Utrecht wants to be a smart and healthy city. In the next decade a large area of 80 hectares, next to the Central Station will be transformed into a high density mix use district called Beurskwartier. Currently it is a site covered by large scale congress facilities like halls and parking lots. With the redevelopment and redefinition of the congress facilities an incredible opportunity emerges to redevelop this important site into a health urban district. An important aspect of this will be to achieve high goals on climate adaptation and energy neutrality.
Therefor we executed a research by design on creating a climate proof and climate neutral district, as part of the National program of ‘Living Labs’ to explore possibilities beyond the daily practice. In this Living Lab different stakeholders have been connected to this process of exploration. We based our work on the outcomes of the ‘Smart Sustainable Districts’, an extensive scientific research on opportunities and preferred measures for sustainable development. This research focusses on sustainable forms of warmth-cold exchange, generating electricity, the collection of rain water and reducing heat stress.

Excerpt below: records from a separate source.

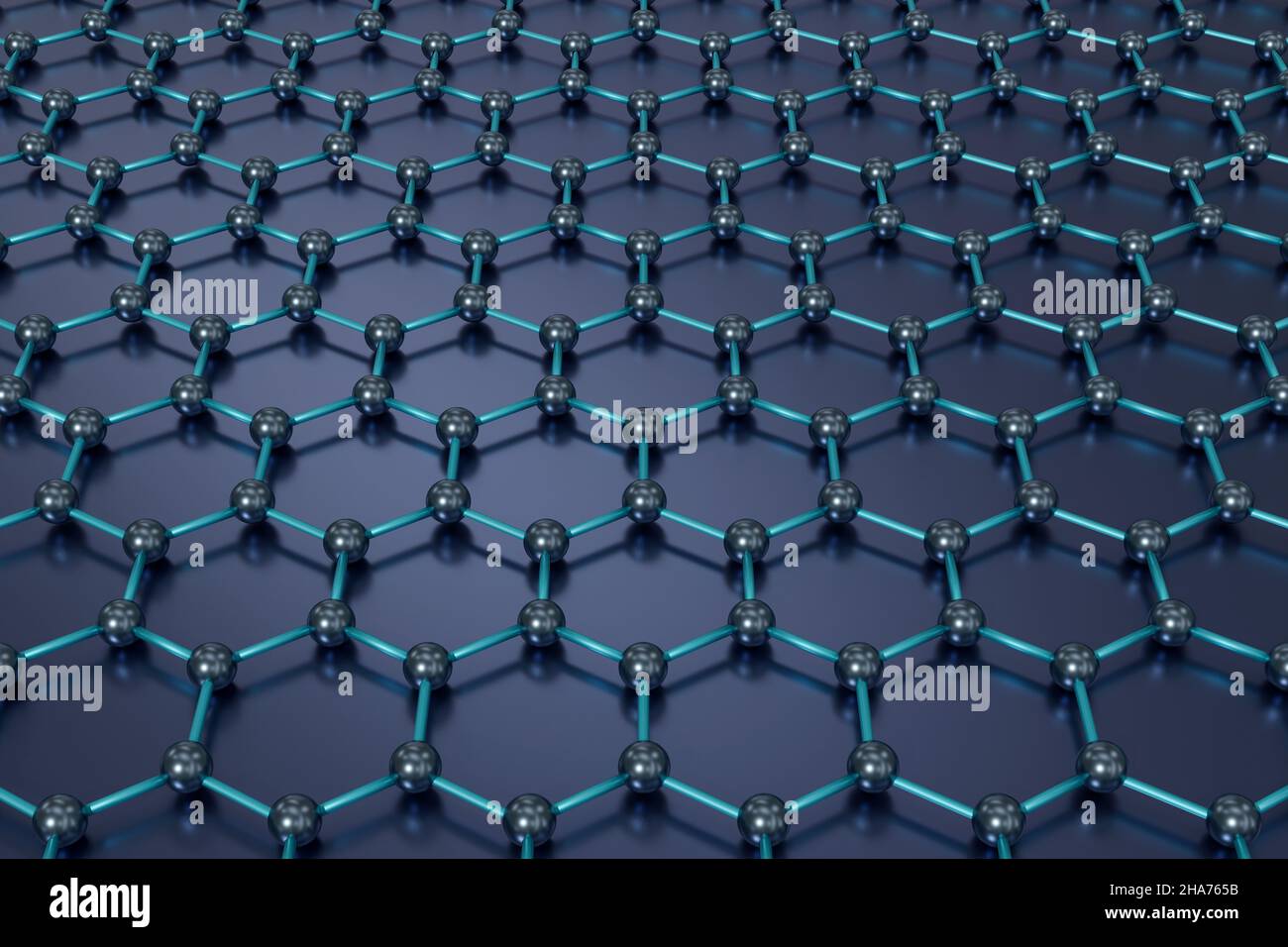 Graphene molekulares Gitter, sechseckige atomare Struktur - Nanotechnologie Hintergrund 3D Rendering Stockfoto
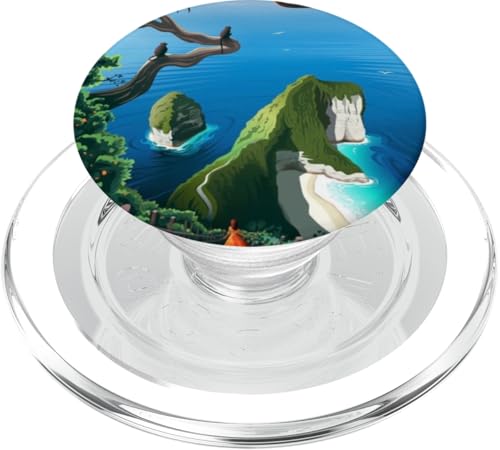 Tropical Monkeys Ocean Cliff Path Adventure Bali Nusa Penida PopSockets PopGrip für MagSafe Tropical Monkeys Ocean Cliff Path Adventure Bali Nusa Penida PopSockets PopGrip für MagSafe von Cute Accessories Art Gifts for Women and Men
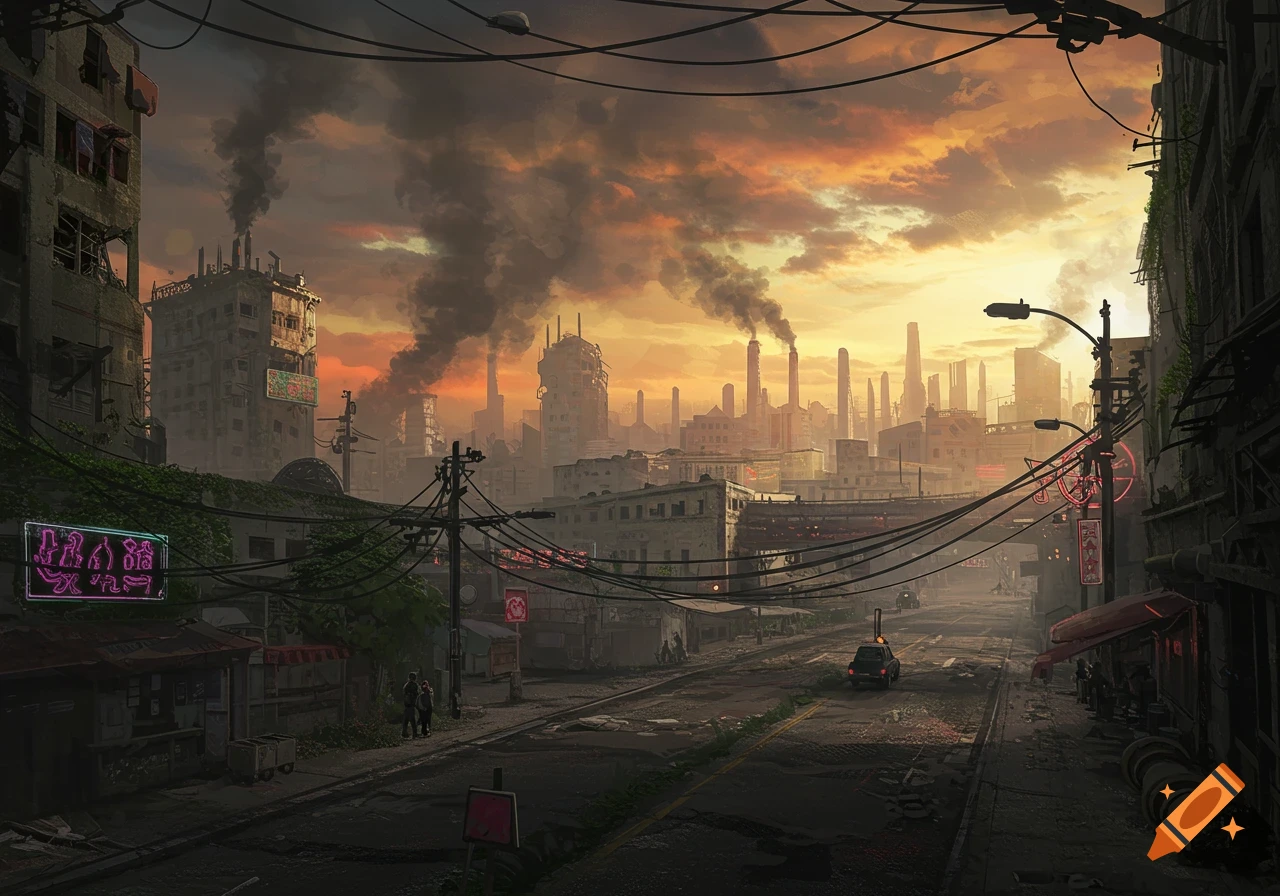 A dark, polluted cityscape at sunset with industrial factories emitting smoke, decaying buildings, and cluttered streets.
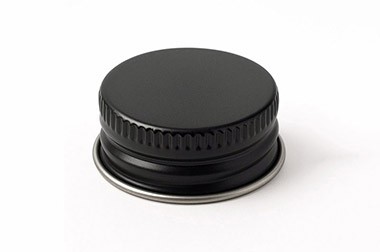 28mm Black Aluminum Screw Top Cap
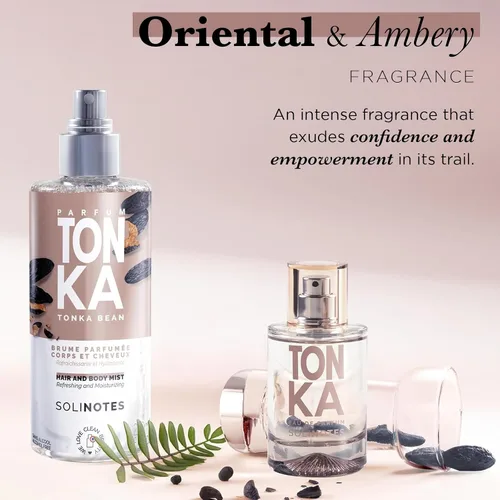 Vista 2 de Solinotes Tonka Body & Hair Mist, espray de vainilla sin alcohol, 8.45 onzas
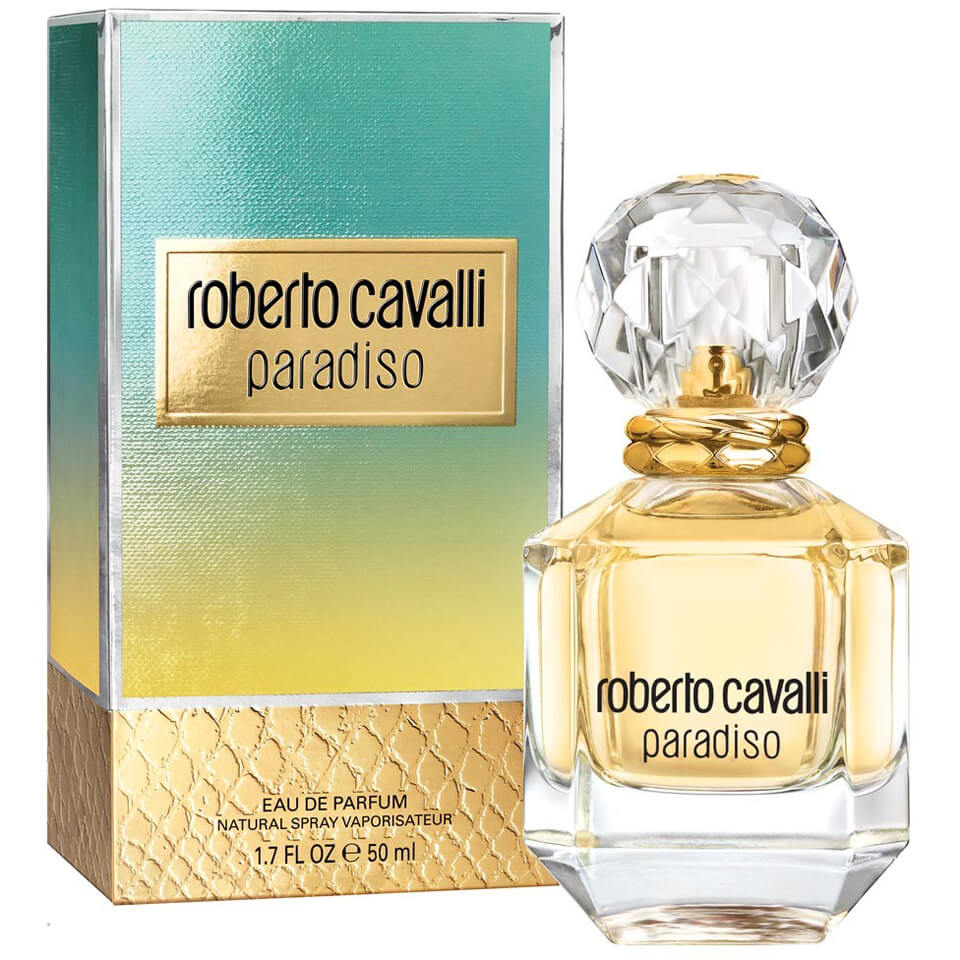 Frasco e caixa de perfume Roberto Cavalli Paradiso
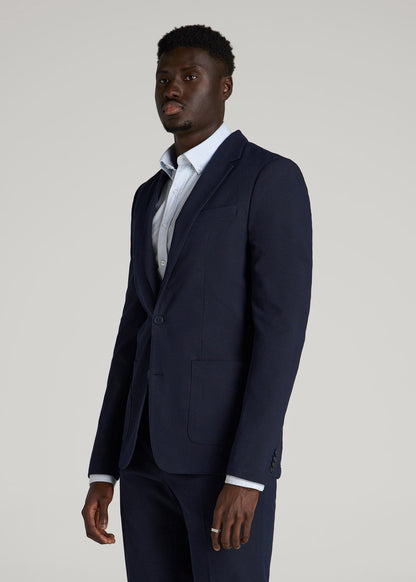 American Tall Men Textured Garment Washed Stretch Cotton Blazer for Tall Men in Evening Blue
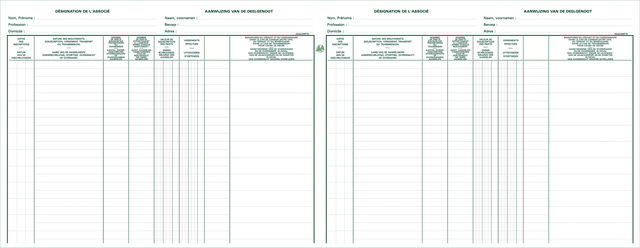 Register Piqure aandeelhouder BVBA/ SPRL 320x250mm 80vel groen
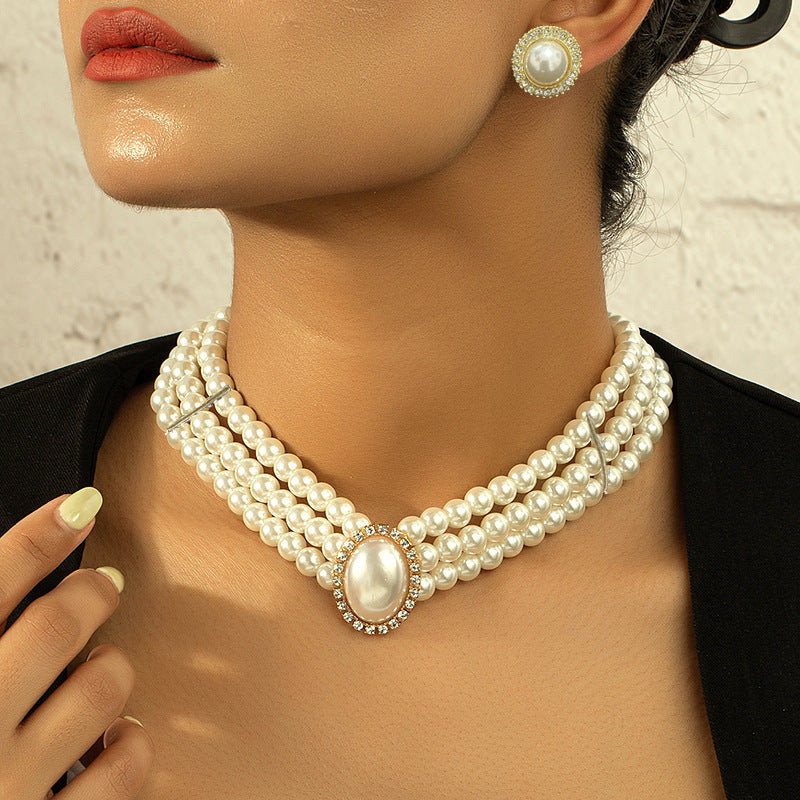 Layers White Pearl Bib Statement Necklace Earring Set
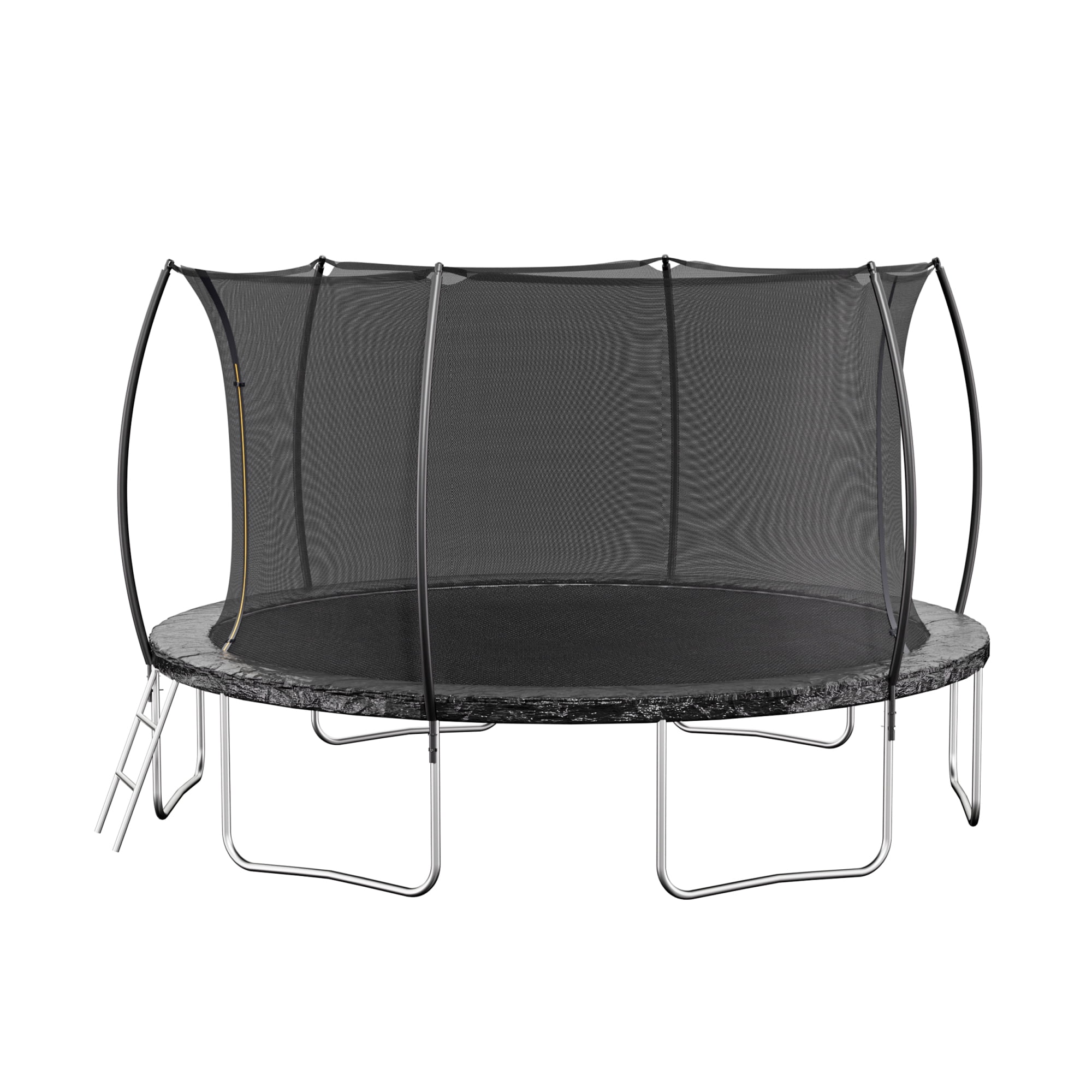 Leumius 12FT Trampoline for Kids and Adults,Outdoor Trampolines with Safety Enclosure Net,Curved Fence Pole,Round Recreational Trampoline with Ladder,Black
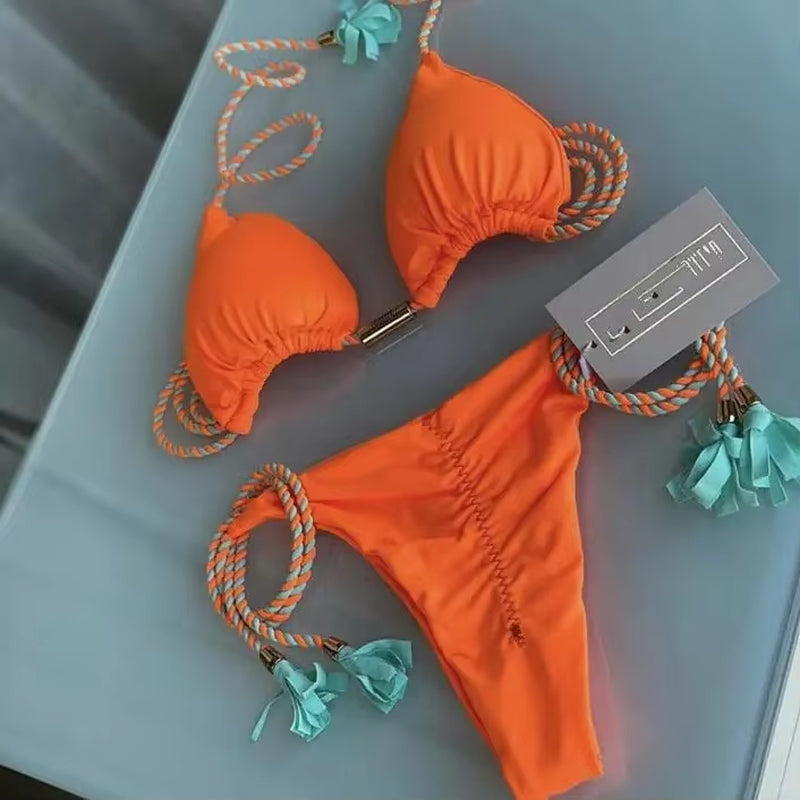 Chic Multicolor Backless Triangle Bikini for Women - Perfect Summer Swimwear!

We translated these ambitions into a combination of an improved “Trias Energetica” and the “Water Sensitive City” and applied them into spatial modelling of the given site program of 3.000 new dwellings and 100.000 sqm of mix use and work related program. In this we used several techniques: We shaped the urban forms according to ancient techniques of wind and sun orientation to reduce energy consumption and to optimize the harvesting of heat and ventilation. We applied our knowledge on creating climate adaptive public spaces and enhancing the ecological potential to stimulate inner city biodiversity, air quality and cooling capacity. We searched for proven practices and innovations that can be applied on an urban level, stimulate awareness and healthy behaviour.
In the research we generate proposals for a smart section of the city block which includes the internal exchange of warmth and cold, by a programmatic approach of internally cascading warmth. High caloric warmth is used by energy intensive functions, the residual warmth is reused by other functions until there is a low temperature left which can be used for cooling. Besides heat there is also a cold demand, using substantial green structures and natural airflows in urban space to cool the street climate and buildings. In a similar manner we set up a rain water cascade and solar zoning for city blocks and upscaled this into a ‘Vertical climate zoning scheme’ for the entire Beurskwartier. This also resulted into an advice to upscale the size of the city block in the urban plan, to be able to handle the capacity of climate ambitions in future developments for the site.
Finally we sketched out the possibility to enhance a set of robust public spaces that can integrate storm water catchment, reduce effects of drought and heat, provide ecological habitat and enjoyable healthy environments for walking and biking inhabitants of Utrecht. We outlined the ambition to create the greenest and soft inner city high density urban quarter of the Netherlands.